Exercise goal
What is needed is an exact copy of the data below, pictures excluded.

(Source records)
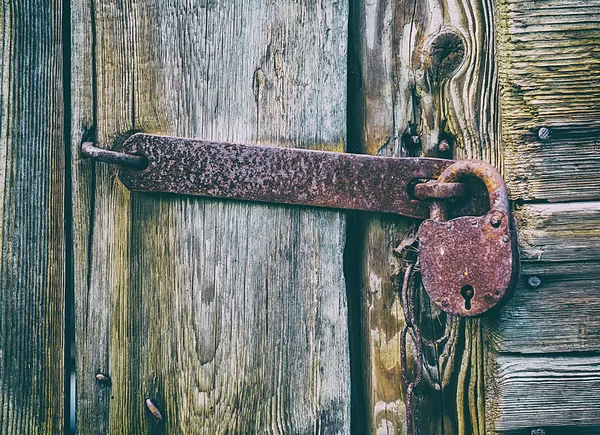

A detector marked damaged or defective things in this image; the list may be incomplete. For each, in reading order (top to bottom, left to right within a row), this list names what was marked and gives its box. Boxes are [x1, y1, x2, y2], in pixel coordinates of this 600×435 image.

rusty metal hasp [85, 134, 464, 220]
rusty metal hasp [81, 133, 520, 316]
rusty padlock [418, 160, 520, 316]
rusty chain [398, 258, 422, 435]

Response to the task
A detector marked damaged or defective things in this image; the list may be incomplete. For each, in reading order (top to bottom, left to right within a row), this list names what was marked and gives its box. Boxes are [x1, y1, x2, y2], in pixel coordinates of this 600×435 image.

rusty metal hasp [85, 134, 464, 220]
rusty metal hasp [81, 133, 520, 316]
rusty padlock [418, 160, 520, 316]
rusty chain [398, 258, 422, 435]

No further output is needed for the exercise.